On Mon, Sep 16, 2013 at 11:05:34AM +0200, David Caro wrote:
On Fri 13 Sep 2013 09:24:24 PM CEST, Ewoud Kohl van Wijngaarden
wrote:
> On Fri, Sep 13, 2013 at 11:00:27AM +0200, David Caro wrote:
>> On Wed 11 Sep 2013 04:09:17 PM CEST, Ewoud Kohl van Wijngaarden wrote:
>>> For
https://fedorahosted.org/ovirt/ticket/71 I submitted
>>>
http://gerrit.ovirt.org/19141 to use r10k for module deployment.
>>>
>>> I do have some concerns for further deployment. Until now I've assumed
>>> that we want jenkins to build on new git versions (possibly via the
>>> jenkins patch merged trigger) and then push that to
foreman.ovirt.org.
>>> However, that means we give jenkins implicit root on all of our infra
>>> which is a bad thing.
>>>
>>> Some solutions I can think of:
>>>
>>> 1. Set up a cronjob on foreman to poll git
>>> 1.1. Run make as the current patch
>>> 1.2. Change the patch and switch to dynamic environment support[1]

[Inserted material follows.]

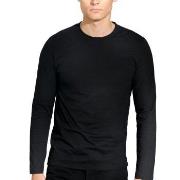 Bread and Boxers Long Sleeve Regular T-Shirt Schwarz Ökologische Baumw...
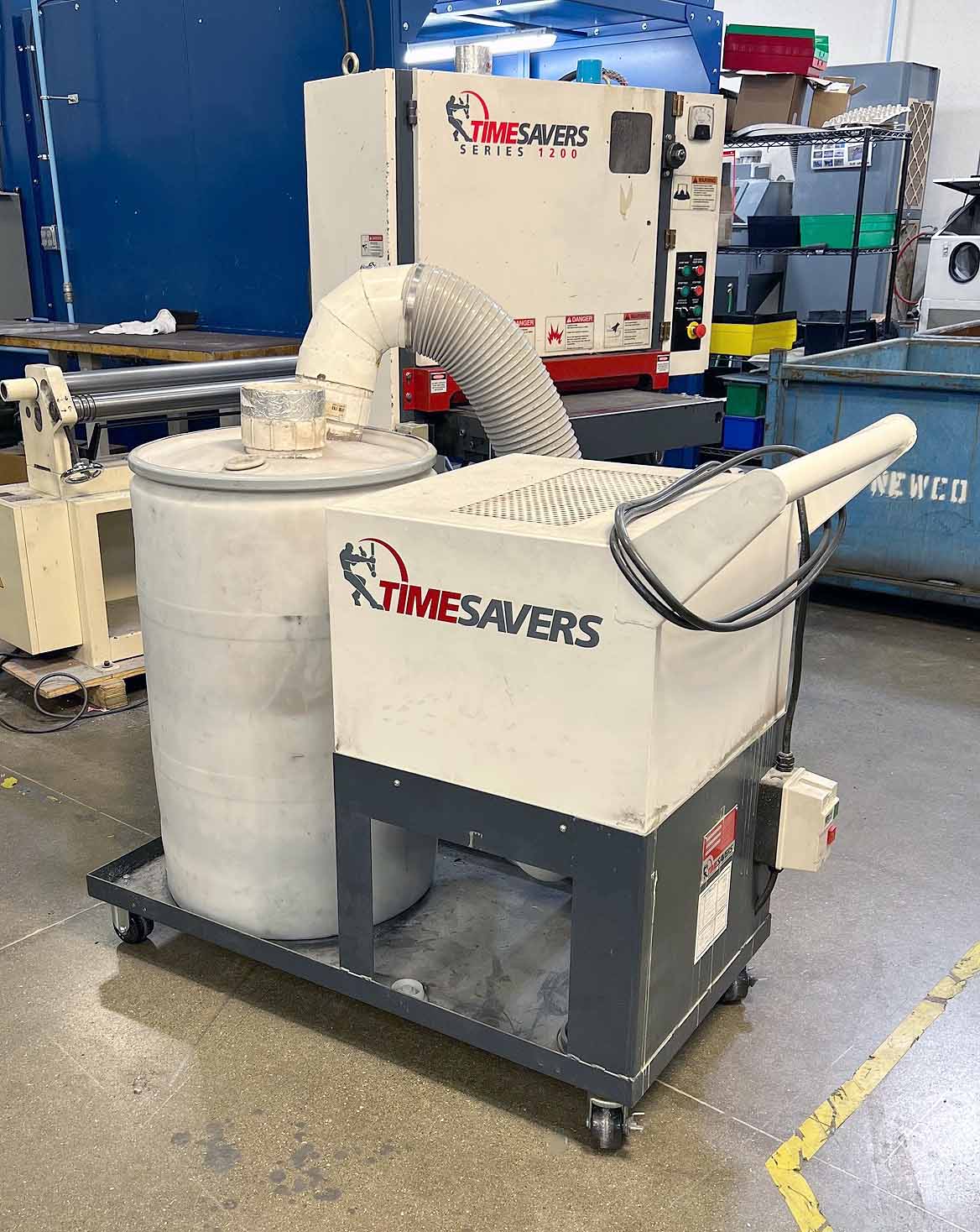 Timesavers Model 1211-12-0 Belt Sander, 2012 - Wet Collector Unit - Image 7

>>> 2. Set up an infra jenkins to automate this
>>
>> We can also restrict the ssh commands that the user can run, and
>> restrict it to the script that updates the manifests. That will avoid
>> having to give root access to the puppetmaster, that said, the
>> manifests that will be applied have implicit root access everywhere
>> too, but if we want automatic deployments that's what you get (only
>> maintainers should have merge access, meaning that anything that goes
>> through has been reviewed, so what we are really doing is reducing the
>> manual steps to one, when the reviewer merges the patch).
>
> I like this solution. It would remove the polling from foreman and give
> us logging in jenkins. I'd prefer if foreman retrieves the sources
> straight from gerrit so jenkins is more like a glorified cron. I think
> that's less insecure ;)
Agree, so what we need then is:
* Create update scripts
* Set up restricted shell account to only run that script
* Create jenkins job
So I was looking into installing r10k. First of all, I don't like
installing through gem. So my next try was using fpm to package it, but
it needs rubygem(systemu) >= 2.5.2 and 1.2.0 is in epel. Some options:
* Create a newer rubygem(systemu) and hope nothing needs < 2.5.2.
* Install through gem and hope nothing breaks
* Set up a user with minimal privileges, install it to its homedir.
I'm toward the last option, but would love to hear a better alternative.